Most banking analysts reckon it will come in at around €23 billion, although bankers were estimating that it could fall in or around €22 billion. Either way, it’s a lot and will come from the €35 billion set aside in the €85 billion EU-IMF bailout for the banks.

How much is the State giving?

Most of this will come from the State’s own rainy-day fund, the National Pensions Reserve Fund (NPRF), which has been raided for the previous €7.2 billion and €3.5 billion bailouts of Allied Irish Banks and Bank of Ireland, respectively.

The Government is drawing €17.5 billion more from the NPRF. Anything over the €17.5 billion for the banks will be borrowed at an average interest rate of 5.8 per cent.

But haven’t the banks got enough Government capital?

The international markets don’t think so, given how the scale of lost deposits and the banks’ inability to borrow on their own, even with a Government guarantee.

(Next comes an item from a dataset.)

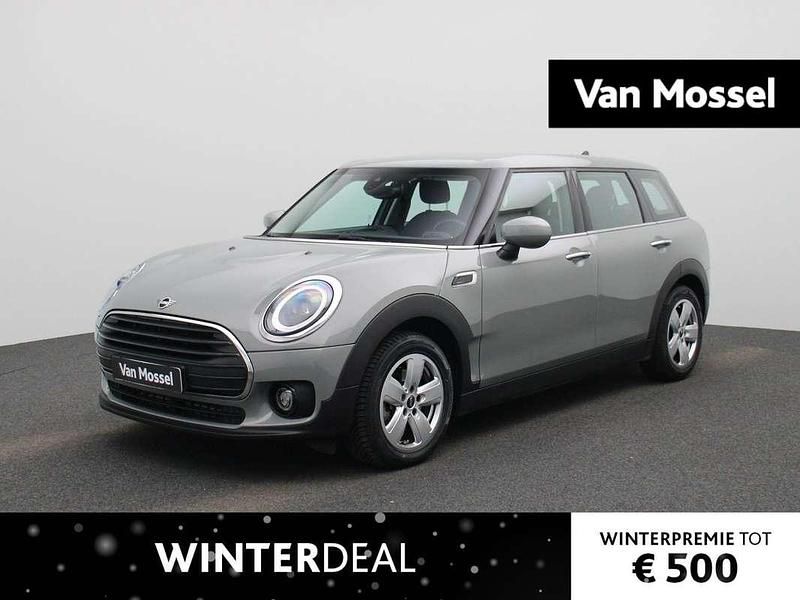 Grijs Occasion 2022 Mini Cooper Clubman Essential Stationwagen | € 21.844 (Eerlijke prijs) - Afbeelding 1/4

The banks raised bonds in these markets to meet their day-to-day requirements as loans exceed deposits by about 80 per cent. Investors don’t believe that the full extent of the losses has been recognised at the banks. That is why they won’t lend to them.

The inadequacy of past bailouts certainly has failed to reassure them. The running cost has risen from €5.5 billion in late 2008 to €11 billion in the first half of 2009, to €35 billion March 2010 to €46 billion last September.

A further €10 billion was due to have been injected last month under the EU-IMF deal but this was postponed by the former minister for finance, Brian Lenihan.

Another reason for more bailouts is that the Central Bank has raised the capital threshold 8 per cent to 12 per cent (roughly €12 in reserve for every €100 on loan).

The tests will overcapitalise the banks to such high levels that should really reassure investors.

So why do they need more?

Most of the losses revealed in the last two stress tests (in March and September 2010) focused on the losses on developer loans as a result of the transfers to Nama.

Today’s capital test is particularly focusing on potential losses on home loans and buy-to-let mortgages. The loans are being fed through models created by the Central Bank and outside consultants BlackRock, where they are tested for unanticipated shocks such as more severe house price falls, slower economic growth and higher rates of unemployment.

How will the banks emerge?

EBS is fully nationalised. AIB is effectively there too but is expected to be hit with a substantially larger bill beyond the €4.7 billion it previously still had to find.

Irish Life and Permanent and Bank of Ireland, the last two banks to stay out of Government control, face the inevitable loss of majority control to the Government.

Irish Life and Permanent is considering selling its most profitable and biggest businesses, Irish Life and Irish Life Investment Managers, to help meet an estimated capital bill of €3 billion or more that will land on its table today.

Will the EBS still be sold?

No, the Government called off the proposed sale to the Cardinal private equity consortium yesterday because its bid was “not sufficiently commercial attractive to the State”.

Cancelling the sale could allow the Government merge nationalised EBS with Permanent TSB if it falls under State control.

So what does all this mean?

The virtual nationalisation of the Irish banking sector, paving the way for a major restructuring.